Warren agrees that the credit-card crisis needs to be addressed through legislation. "The current problem is that the Federal Reserve, the Office of the Controller of the Currency, and other financial regulatory institutions are not currently charged to protect consumer safety," she explains. "The primary responsibility of the regulatory agencies is to assure the profitability of the banks and other lending institutions, not to protect consumers from deceptive and unsafe products."

But she is less than sanguine about the chances of such legislation getting through. "The U.S. lived with usury laws from colonial days through the early 1980s, when a loophole in a federal banking law effectively abolished them. The problem is not whether a practical federal usury limit could be established, particularly if the rate were pegged to inflation. The problem with instituting a new usury law is politics. The credit industry hires a lot more lobbyists than the consumer-advocacy groups, and the creditors have been almost uniformly opposed to any usury laws."

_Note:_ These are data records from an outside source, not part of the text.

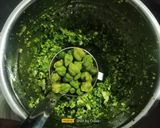 A picture of step 3 of Maharashtrian Hara Chana Subji (Green Chickpeas Subji).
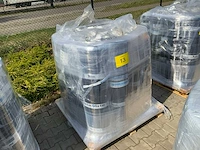Pallet dakleer nieuw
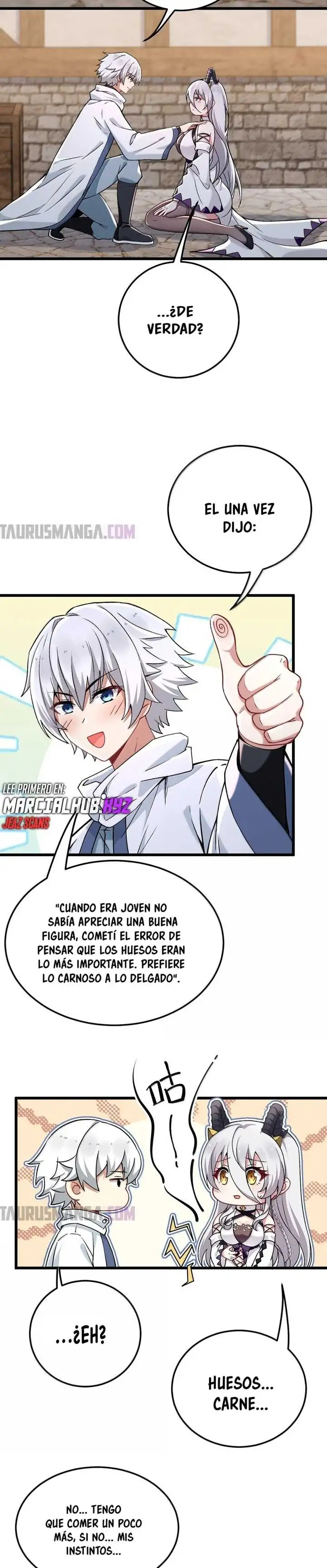 Yo, Un inmortal me case con una diosa malvada - Capítulo 76 - Página 12 - LectorTMOo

Clinton, Obama, and the rest of the Democratic Congress may yet get another chance to go on the record on this issue: On May 15, the Stop Unfair Practices in Credit Cards Act was introduced by Democratic Senators Carl Levin of Michigan and Claire McCaskill of Missouri. "We have to fight for those who have not hired dozens of lobbyists to make sure that American consumers are not getting ripped off and are fully informed of how these companies are manipulating their financial security," McCaskill said of the bill.

And Chris Dodd, long known as a friend to Wall Street, has held hearings on credit-card practices in his new position as chair of the Senate Banking Committee.

None of this means that Americans who've been planning to cut up their cards should put away the scissors and go shopping. If the bill ever makes it to a vote, it will face a nearly insurmountable obstacle: All told, in 2006, financial and credit-card companies gave $7 million in campaign contributions, and banks $25 million, to candidates of both parties, according to the Center for Responsive Politics. Leading the pack, with $378,000, was Hillary Clinton.

 

James Ridgeway is Washington correspondent for Mother Jones magazine.